2. Strategic Updates and Business Highlights
- Acquisition: Announced a definitive agreement to acquire National Technology Integrators (NTI), enhancing capabilities in low-voltage engineering and construction, particularly in the data center sector.
- Communications Segment: Revenue grew 25% year-over-year, driven by fiber-to-the-home builds and expansion into new geographies.
- Building Systems Segment: Generated $395 million in revenue with an adjusted EBITDA margin of 17.7%, exceeding internal projections.
- Workforce Development: Added 37 employees in Q1 to support growth, with ongoing investments in training and talent development.
- Long-term Contracts: Customers are extending contract durations to secure skilled labor, indicating a strategic shift towards multi-year planning.
3. Forward Guidance and Outlook
- Fiscal 2027 Revenue Guidance: Increased to a range of $7.38 billion to $7.65 billion, representing a 38% growth at the midpoint, with 14% organic growth.
- Q2 Fiscal 2027 Expectations: Projected total contract revenues of $1.94 billion to $2.01 billion, adjusted EBITDA of $284 million to $303 million, and adjusted diluted EPS of $4.40 to $4.82.
- Building Systems Segment Outlook: Expected to maintain high teens adjusted EBITDA margin throughout the year.

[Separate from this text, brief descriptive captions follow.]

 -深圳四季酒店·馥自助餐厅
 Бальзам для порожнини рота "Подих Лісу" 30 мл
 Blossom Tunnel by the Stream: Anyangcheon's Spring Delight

4. Bad News, Challenges, or Points of Concern
- Market Conditions: Some projects are being passed on due to low bid pricing, indicating a selective approach to contracts that may limit potential revenue.

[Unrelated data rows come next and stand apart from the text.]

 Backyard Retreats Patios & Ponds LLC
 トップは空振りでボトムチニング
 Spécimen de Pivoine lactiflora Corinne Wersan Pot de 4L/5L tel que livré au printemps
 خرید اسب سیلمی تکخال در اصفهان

- Cost Inflation: Rising costs, particularly in fuel, are being monitored closely, although the company has strategies in place to mitigate these impacts.
- Long-Haul and Middle-Mile Projects: While demand is growing, these projects are still in early stages and may not ramp up as quickly as fiber-to-the-home initiatives.
5. Notable Q&A Insights
- Customer Overlap with NTI: There is significant synergy potential between NTI and existing segments, particularly with Power Solutions, which could enhance cross-selling opportunities.

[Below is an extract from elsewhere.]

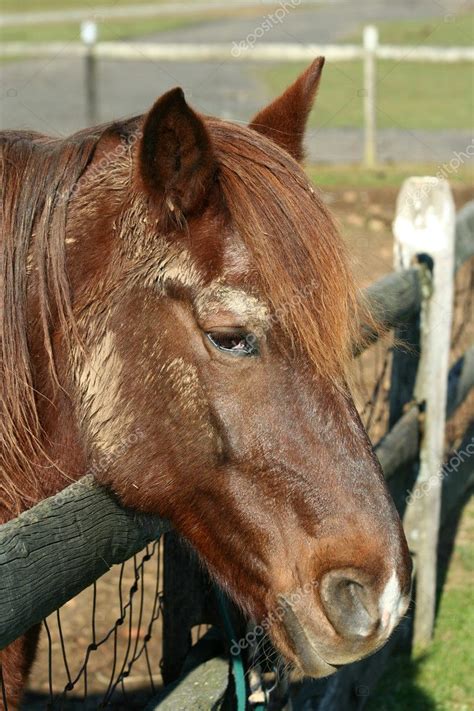 Chestnut Horse Stock Photo By ©njnightsky 4600403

- Revenue Growth Drivers: The majority of the improved outlook for the communications segment is attributed to fiber-to-the-home projects, with long-haul and middle-mile contributions expected to ramp up in future years.
- Leverage Discipline: The company remains committed to maintaining a responsible leverage strategy while exploring further acquisition opportunities.
- Sustainability of DSOs: The improvement in DSOs is seen as sustainable, reflecting effective management across both business segments.
Overall, Dycom Industries demonstrated strong financial performance in Q1 2027, with significant growth driven by strategic initiatives and a favorable market environment, while also navigating challenges related to cost pressures and selective project bidding.